Wednesday, April 30, 2014

Excerpts from An Illustrated Guide To An Unmarried Woman






This year I celebrate Jill Clayburgh's birthday a little more lightheartedly than last year with some sketches that commemorate what was arguably her best screen role as Erica Benton in Paul Mazursky's An Unmarried Woman. Collectively, and with tongue planted firmly in cheek,  I call them An Illustrated Guide To An Unmarried Woman.

I just remembered something sort of funny that happened the first two times I watched this movie. I was around sixteen when An Unmarried Woman came on network television. I was really enjoying the film, but I was tired and I fell asleep before the last scene. I was disappointed to have missed the end, but of course there were no VCRs or DVRs and so I had no choice but to wait until it came on TV again.

Several months later, in the middle of the summer, it was the Sunday night movie on ABC. I was sitting on my orange bean bag chair watching it with my mom in our living room. It was getting close to the end of the movie, and my mom kept pestering me to go get the laundry out of  the basement. I waited for the last commercial break before the final scene, and then I sprang up out of my vinyl covered tangerine atrocity and ran down the basement stairs as fast as I could. I scooped the load of laundry out of the dryer and into a basket, then bolted back up the stairs into the living room, dropping the basket on the floor. I made it back in plenty of time to finally see the end of the movie.

And I would have too,  I really would have, if only I hadn't passed out, knocking over my mother's Fresca and hitting my head on the floor. I thought I was bleeding from the back of my head, but of course my gushing wound turned out to be Fresca. Even so, my mom was so freaked out she made my dad get out of bed and take me to the emergency room.

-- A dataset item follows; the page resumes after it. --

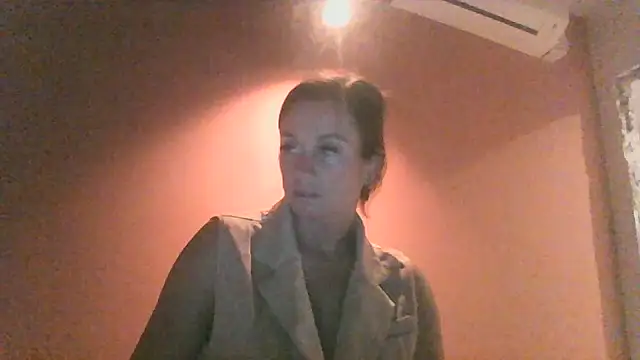 Justnani001 online show from September 2025 07:35:01 PM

We were in the emergency room until nearly 3AM just so they could tell me there was nothing wrong with me (well, that's subjective) and that I simply had had a vasovagal reaction from jumping up too fast. But what really mattered is that I missed the end of the movie again.

Since that night I've seen An Unmarried Woman many times, including the last scene (finally!) in which Jill Clayburgh lugs an enormous painting (a parting gift from her lover Alan Bates) through the streets of lower Manhattan. It's a funny, poignant story specifically about a woman who has to find her confidence and independence after the marriage she thought would last a lifetime crumbles at her feet, but really it speaks to anyone who is tentatively trying to rejoin the world after great heartache.

It's how viscerally Jill makes me feel that heartache, and ultimately the sense of hope she basks in that keeps me coming back to this American classic again and again.